We began Stiripentol in addition to Topamax and  clobazam in January 2007.  Stiripentol is also imported from Europe.  She had another episode of status epilepticus in February 2007 and the rectal valium did not stop it.  She ended up in a coma , intubated again.  We ordered another drug from Europe, buccal midazolam (Epistatus).  This drug has saved her life.    She had a complex partial seizure in March and in April of 2007, both of which stopped at home in under five minutes after administration of buccal midazolam.

Lilly continued on Topirimate, Clobazam and Stiripentol during the remainder of 2007 with acceptable seizure control.  She still had prolonged seizures that would lead to status epilepticus but for the drug combination and prompt administration of Epistatus, with a total of 5 such events in 2007.  Often during these seizures that lasted up to an hour, Lilly would experience non-convulsive status epilepticus after the medical team assumed in the emergency room the seizure was complete and she was in a post-ictal state.  Routine EEG testing in the ED is not typical, even for children with known refractory epilepsy.  To prove to the ED physicians that Lilly was still convulsing, we opened her eyelids to show rhythmic eye twitching and un-reactive pupils, then pinched an earlobe to show no response.

During the summer of 2007, Lilly developed eyelid “flutters” which were determined to be myoclonic seizures.  These seizure progressed to a head drop and upper body drop seizure type referred to as an astatic seizure.  The neurologist prescribed Felbatol (Felbamate) for these seizures and Lilly responded with complete seizure cessation.  This drug, which is labeled to be associated with aplastic anemia and liver failure, was added in August 2007, and she was on 4 potent anti-epileptics at this point.

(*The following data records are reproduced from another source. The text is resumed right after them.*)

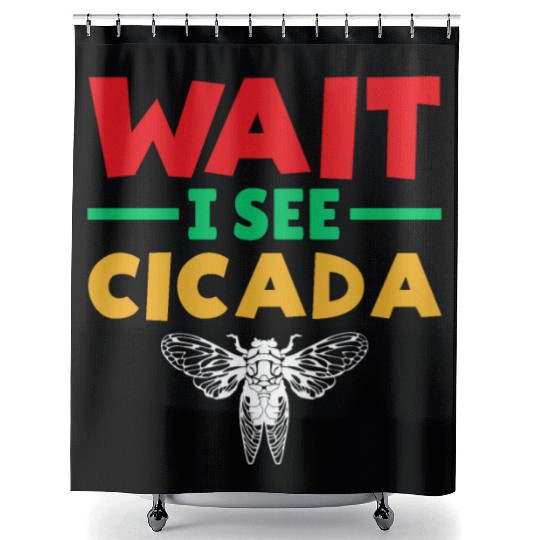 Wait I See Cicada, Funny Colorful Cicada Spring Shower Curtains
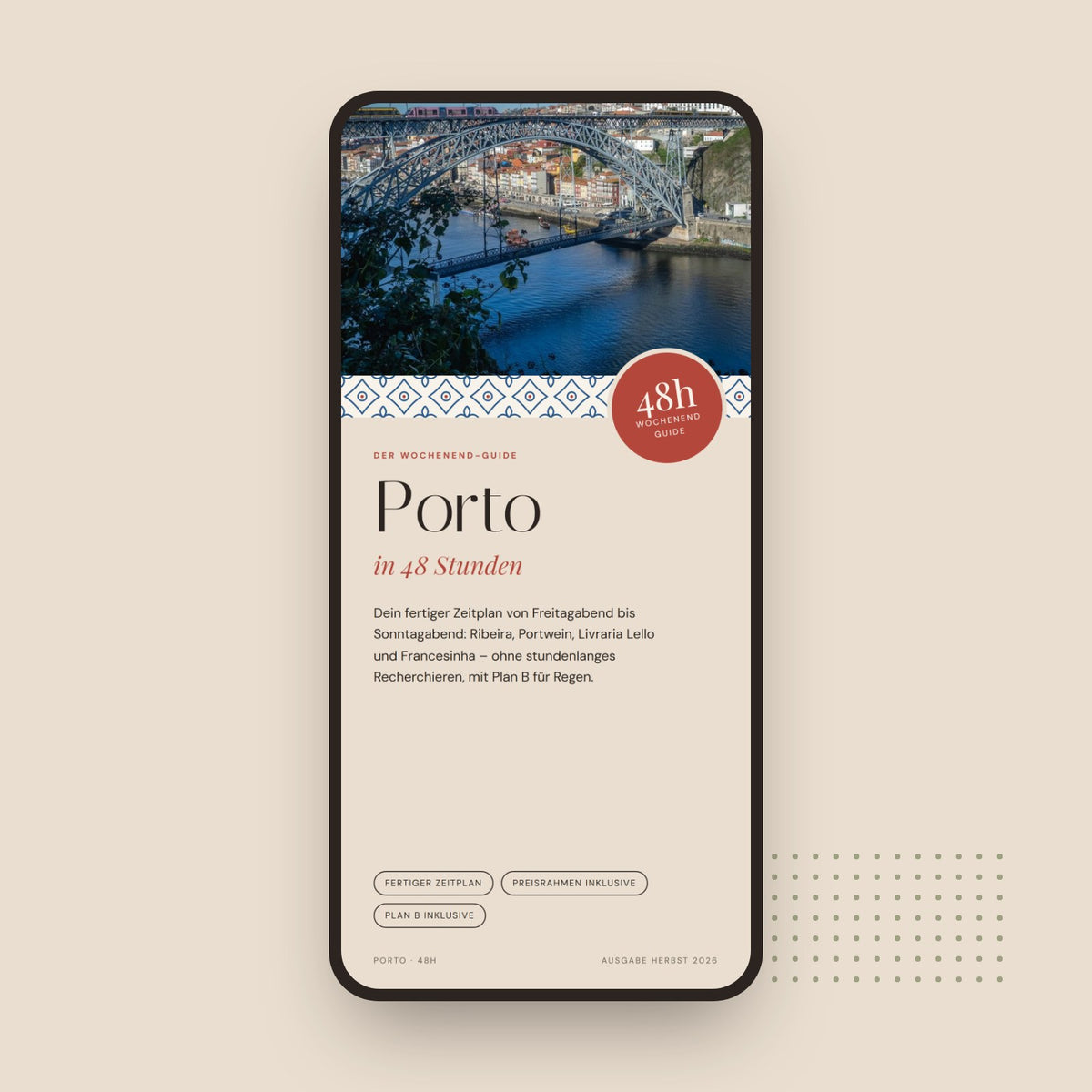 Cover des Reiseguides „Porto in 48 Stunden“ im Handyformat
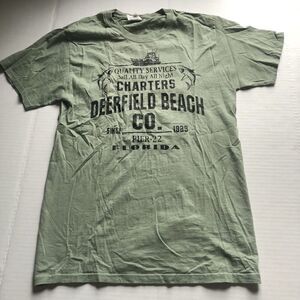 Deerfield Beach Co Flordia Charters Fish T-Shirt Sz S Green A2433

In January 2008, Lilly presented with non-convulsive status epilepticus as her predominant seizure type.  For untrained caregivers, non-convulsive seizures are hard to detect and may be confused with naps.  At the point Lilly developed these hard to detect seizures, we pursued private duty nursing for her care while away from me.   In addition, we pursued private duty nursing to monitor Lilly at night for seizures including non-convulsive seizures while on pulse oximetry.  SUDEP or death from suffocation is more probable at night in children with intractable epilepsies.  Lilly had an anticipated progression of seizure types and frequency during 2008 and had 58 seizures during that year compared to five the year before.  The combination of stiripentol, clobazam, topirimate, and felbamate decreased the duration of these seizures but did not prevent them.

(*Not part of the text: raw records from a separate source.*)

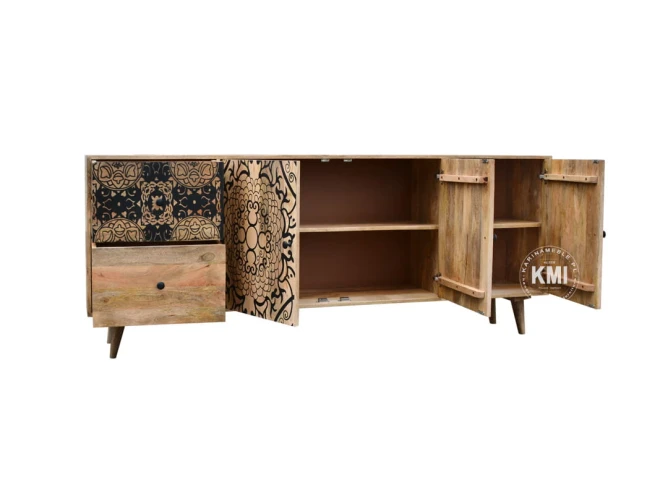 meble w stylu boho drewniana komoda Qumin scandi
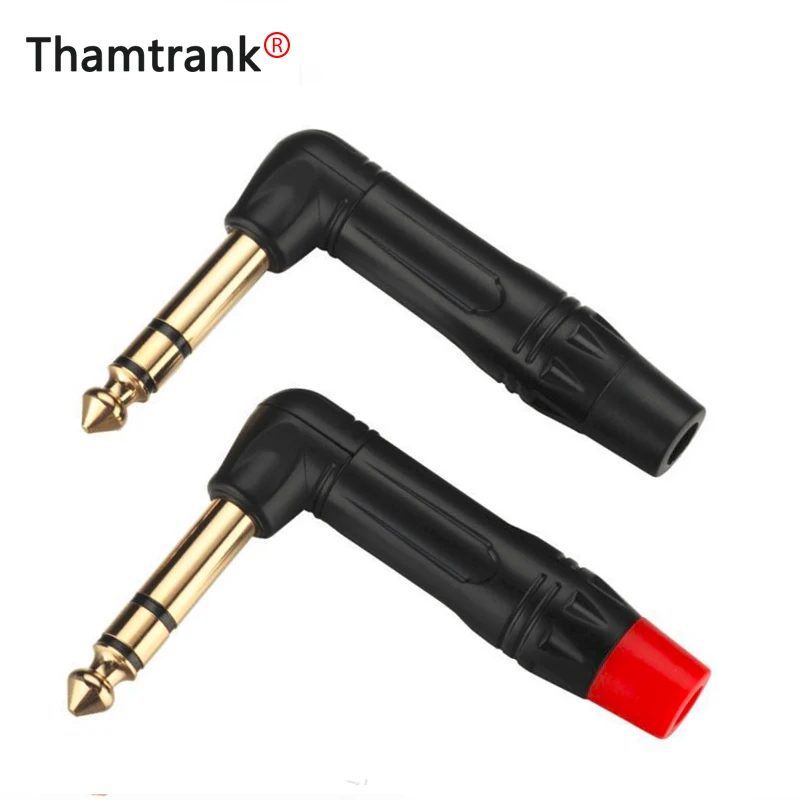 2 шт./лот прямоугольный разъем 6 35 мм 3-полюсный стерео Штекерный с позолоченным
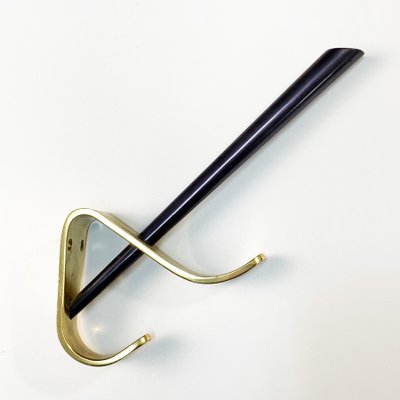 Mid-Century Italian Modern Brass & Lacquered Aluminum Coat Hooks, 1970s, Set of 4-JDR-1125449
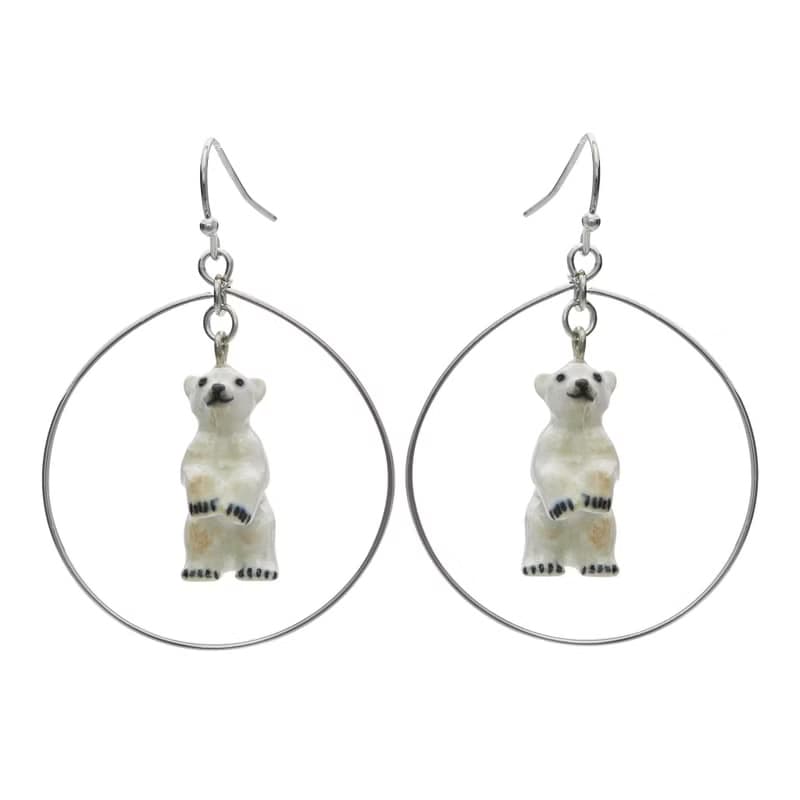 AndMary 手繪瓷耳環-北極熊禮盒裝 Standing Polar Bear Earrings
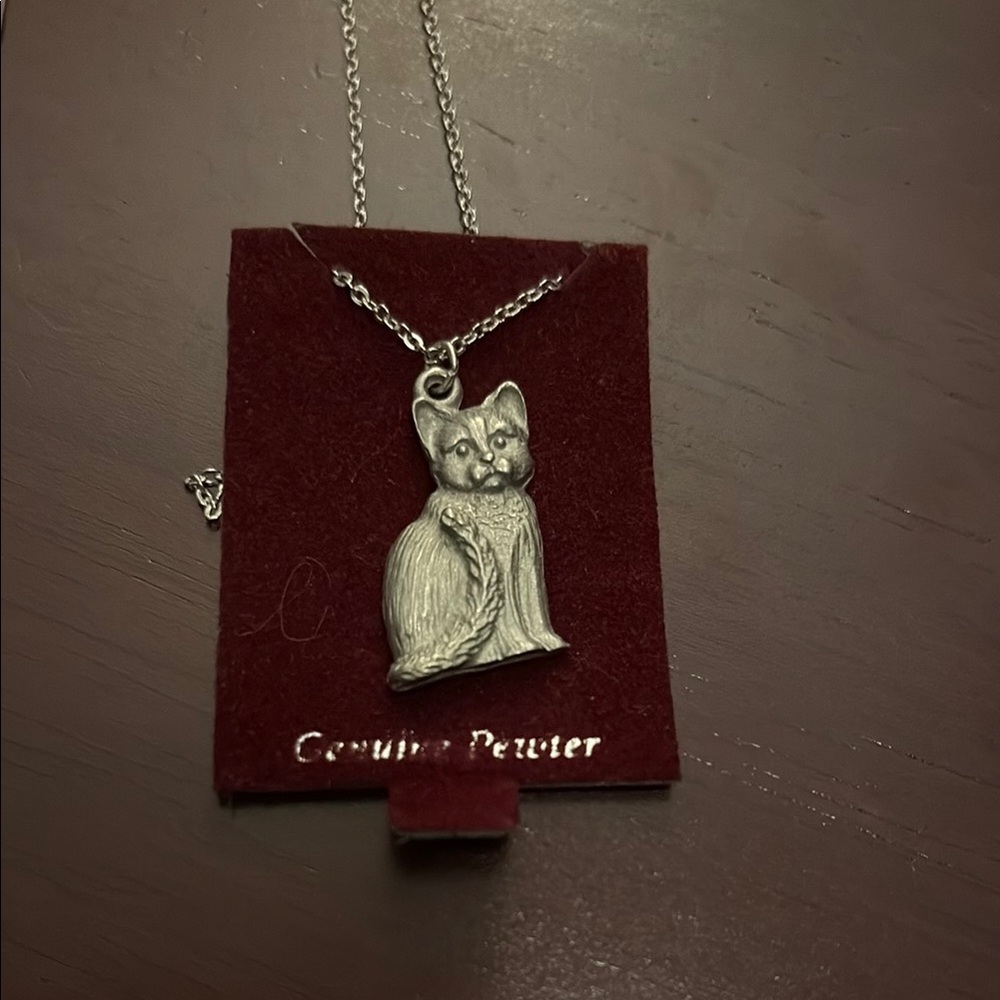 Pewter Cat Pendant Necklace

In addition, we initiated the ketogenic diet in May 2008.  We continued this diet through December and opted to stop the diet since it provided minimal benefit at that time.   Lilly experienced severe metabolic problems including high ammonia, triglycerides, LFTs and hepatomegaly while on the diet.  Depakote was added around this time, slowly, and Lilly had very high ammonia levels until the Topamax was weaned.  She had fairly good seizure control aside from the eyelid flutters.  Adding Zarontin to her stiripentol, Depakote, clobazam regimen helped.

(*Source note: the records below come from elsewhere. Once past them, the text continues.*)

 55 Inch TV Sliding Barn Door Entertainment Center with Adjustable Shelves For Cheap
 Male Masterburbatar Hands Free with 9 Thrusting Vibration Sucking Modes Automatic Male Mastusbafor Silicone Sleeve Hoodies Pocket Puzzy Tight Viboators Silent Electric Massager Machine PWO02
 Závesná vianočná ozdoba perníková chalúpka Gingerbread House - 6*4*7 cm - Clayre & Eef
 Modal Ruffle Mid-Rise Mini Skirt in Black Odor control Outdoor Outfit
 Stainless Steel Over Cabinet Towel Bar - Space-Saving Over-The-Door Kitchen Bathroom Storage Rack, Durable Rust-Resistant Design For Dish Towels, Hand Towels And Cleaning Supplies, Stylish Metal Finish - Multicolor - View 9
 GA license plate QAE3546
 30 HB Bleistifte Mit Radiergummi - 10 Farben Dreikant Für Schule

Lilly has remained pretty stable with this drug regimen, and her learning has improved. She had two additional episodes of status epilepticus in the fall of 2008 and in January 2009. She still has seizures, mostly in her sleep, about every 7 – 10 days.  We give Epistatus to avoid hospital visits.   At age 5 and a half, she tested developmentally two years behind.  We are hopeful that the new technology surfacing and the compound ICE is investing in will be the answer for Lilly and her friends and will change her life.